═════ Provided material

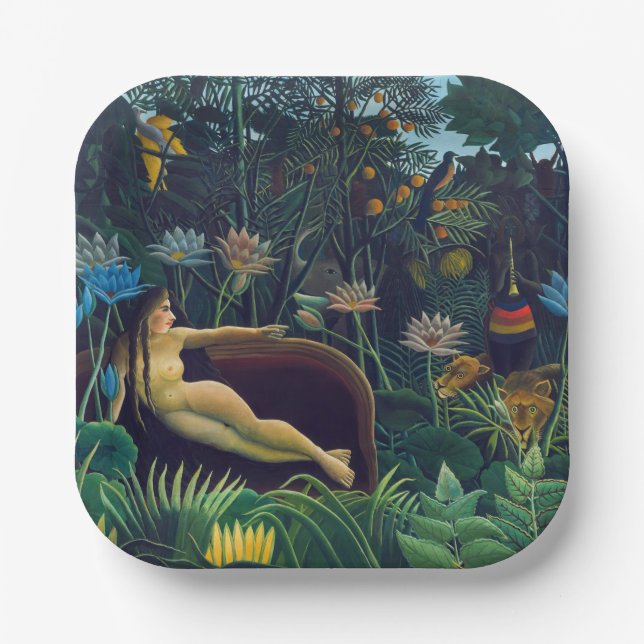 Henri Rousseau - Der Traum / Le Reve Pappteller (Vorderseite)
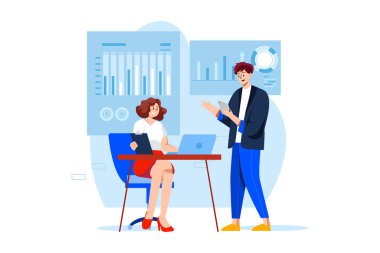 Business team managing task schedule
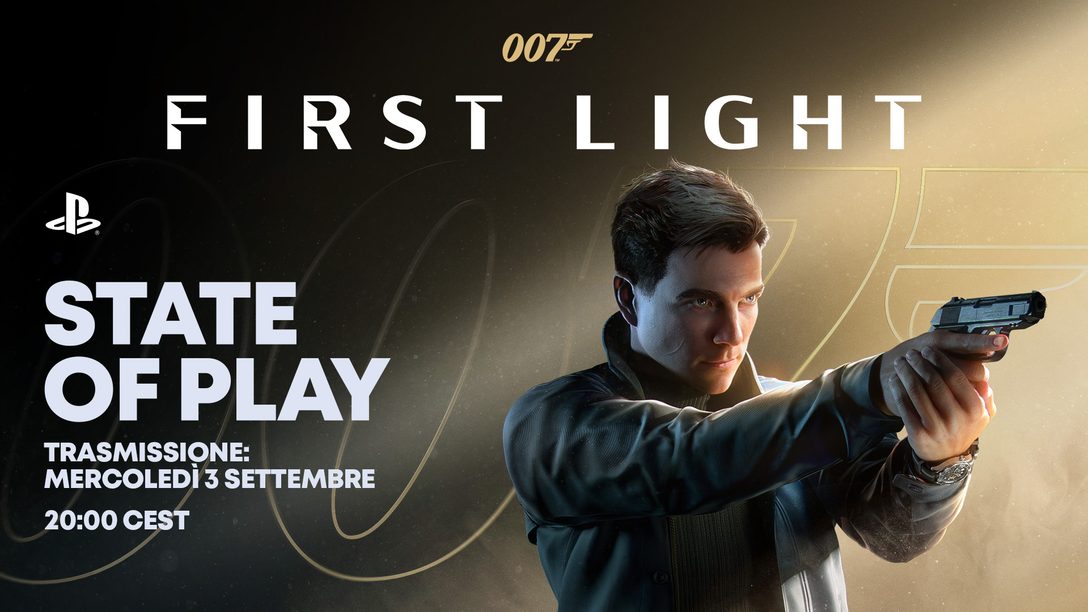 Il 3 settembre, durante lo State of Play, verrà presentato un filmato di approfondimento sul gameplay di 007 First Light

══════════

## About this task
Would you return the data exactly as written, without the pictures?

## Result for this exercise
 Henri Rousseau - Der Traum / Le Reve Pappteller (Vorderseite)
 Business team managing task schedule
 Il 3 settembre, durante lo State of Play, verrà presentato un filmato di approfondimento sul gameplay di 007 First Light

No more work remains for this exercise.